The SWIFT Pipeline¶
SWIFT executes a 5-stage pipeline to detect model-relevant feature drift. Stages 1-3 run during fit() and learn the reference distribution. Stages 4-5 run during test() and evaluate monitoring data for drift.
Stage 1: Decision Point Extraction¶
Module: swift.extraction
The pipeline starts by extracting decision points (split thresholds) from the trained tree-ensemble model. These are the feature values where the model's trees make split decisions — they represent the boundaries that the model considers meaningful.
For a LightGBM model with 100 trees and a feature that appears in 50 splits, the extraction step collects all 50 unique threshold values for that feature.

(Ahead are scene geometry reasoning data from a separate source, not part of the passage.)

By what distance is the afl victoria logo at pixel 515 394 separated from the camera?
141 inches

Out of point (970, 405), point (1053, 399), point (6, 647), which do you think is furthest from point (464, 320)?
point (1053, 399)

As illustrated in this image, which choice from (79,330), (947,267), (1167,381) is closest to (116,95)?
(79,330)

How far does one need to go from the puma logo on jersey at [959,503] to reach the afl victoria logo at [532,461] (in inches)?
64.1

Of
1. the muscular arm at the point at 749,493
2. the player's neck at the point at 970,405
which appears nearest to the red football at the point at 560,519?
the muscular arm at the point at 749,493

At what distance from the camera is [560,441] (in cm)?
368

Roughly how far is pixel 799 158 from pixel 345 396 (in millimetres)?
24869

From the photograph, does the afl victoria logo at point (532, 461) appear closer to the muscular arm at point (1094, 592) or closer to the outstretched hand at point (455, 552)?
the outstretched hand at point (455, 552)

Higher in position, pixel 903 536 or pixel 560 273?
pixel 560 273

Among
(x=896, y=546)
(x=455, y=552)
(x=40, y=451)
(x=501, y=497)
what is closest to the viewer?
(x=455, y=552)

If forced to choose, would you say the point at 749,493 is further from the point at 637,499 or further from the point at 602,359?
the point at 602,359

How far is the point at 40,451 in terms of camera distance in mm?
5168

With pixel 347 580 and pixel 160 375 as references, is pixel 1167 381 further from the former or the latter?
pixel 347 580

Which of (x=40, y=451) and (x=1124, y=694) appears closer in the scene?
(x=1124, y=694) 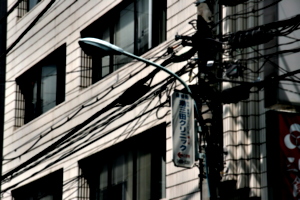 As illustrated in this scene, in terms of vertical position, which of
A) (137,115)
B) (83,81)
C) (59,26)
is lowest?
(137,115)

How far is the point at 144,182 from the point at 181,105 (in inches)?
265

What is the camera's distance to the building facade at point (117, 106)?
2044cm

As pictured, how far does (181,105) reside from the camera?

from swift.extraction import extract_decision_points
# Extract decision points per feature
decision_points = extract_decision_points(model, feature_names)
# Returns: dict[str, ndarray] — feature name → sorted threshold array
Stage 2: Bucketing¶
Module: swift.bucketing
Decision points partition each feature's domain into buckets. Each bucket is a contiguous interval bounded by adjacent decision points, with the first bucket extending to $-\infty$ and the last to $+\infty$.
For example, if a feature has decision points [0.5, 1.2, 3.0], the resulting buckets are:
| Bucket | Interval |
|---|---|
| B0 | $(-\infty, 0.5]$ |
| B1 | $(0.5, 1.2]$ |
| B2 | $(1.2, 3.0]$ |
| B3 | $(3.0, +\infty)$ |
Each bucket knows its boundaries and type (left-infinite, interior, or right-infinite).
from swift.bucketing import build_all_buckets
# Build bucket sets for all features
bucket_sets = build_all_buckets(decision_points)
# Returns: dict[str, BucketSet]
Stage 3: SHAP Normalization¶
Module: swift.normalization
For each bucket, SWIFT computes the mean SHAP value of all reference observations falling in that bucket. This transforms the feature space from raw values to SHAP-impact space — observations in regions where the model relies heavily on a feature get higher weight.
Empty buckets (no reference observations) are filled with synthetic observations drawn uniformly within the bucket bounds, controlled by the n_synthetic parameter.
from swift.normalization import compute_bucket_shap
# Compute mean SHAP per bucket
bucket_shap = compute_bucket_shap(
X_ref, shap_values, bucket_sets, n_synthetic=10
)
After this stage, the reference distribution is fully characterized: each feature has a set of buckets with associated mean SHAP values and observation counts.
Stage 4: Wasserstein Distance¶
Module: swift.distance
To detect drift, SWIFT computes the Wasserstein distance between the SHAP-transformed reference distribution and the monitoring distribution. The Wasserstein distance (earth mover's distance) measures the minimum "work" needed to transform one distribution into another.
SWIFT supports two orders:
- W1 (order=1): The standard earth mover's distance. Robust and interpretable.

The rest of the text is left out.